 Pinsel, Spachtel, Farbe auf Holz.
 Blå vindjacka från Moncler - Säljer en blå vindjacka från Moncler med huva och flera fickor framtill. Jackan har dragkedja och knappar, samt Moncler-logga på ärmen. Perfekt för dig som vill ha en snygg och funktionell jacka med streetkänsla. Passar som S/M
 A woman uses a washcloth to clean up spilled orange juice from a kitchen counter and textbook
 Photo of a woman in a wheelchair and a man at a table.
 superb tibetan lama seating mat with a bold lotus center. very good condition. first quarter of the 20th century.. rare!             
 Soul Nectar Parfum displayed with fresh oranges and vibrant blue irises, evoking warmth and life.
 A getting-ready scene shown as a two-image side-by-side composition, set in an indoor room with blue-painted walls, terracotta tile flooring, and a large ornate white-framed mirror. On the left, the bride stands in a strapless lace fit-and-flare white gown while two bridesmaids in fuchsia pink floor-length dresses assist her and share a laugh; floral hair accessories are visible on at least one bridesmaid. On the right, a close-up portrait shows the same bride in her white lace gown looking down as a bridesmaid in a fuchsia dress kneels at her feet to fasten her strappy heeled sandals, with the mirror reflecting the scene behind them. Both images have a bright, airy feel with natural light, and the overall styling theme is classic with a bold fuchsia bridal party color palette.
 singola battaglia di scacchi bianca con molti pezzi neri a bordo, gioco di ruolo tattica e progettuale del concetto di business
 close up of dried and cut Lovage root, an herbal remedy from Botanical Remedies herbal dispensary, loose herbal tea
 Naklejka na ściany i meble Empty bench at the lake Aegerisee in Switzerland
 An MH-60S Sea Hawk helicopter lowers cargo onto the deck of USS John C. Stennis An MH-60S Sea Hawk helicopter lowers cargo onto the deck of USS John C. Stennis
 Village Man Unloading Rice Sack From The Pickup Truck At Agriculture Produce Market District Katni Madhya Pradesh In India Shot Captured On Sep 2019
----
Give the number of lines in this material that include the string "bold", with no other text.

2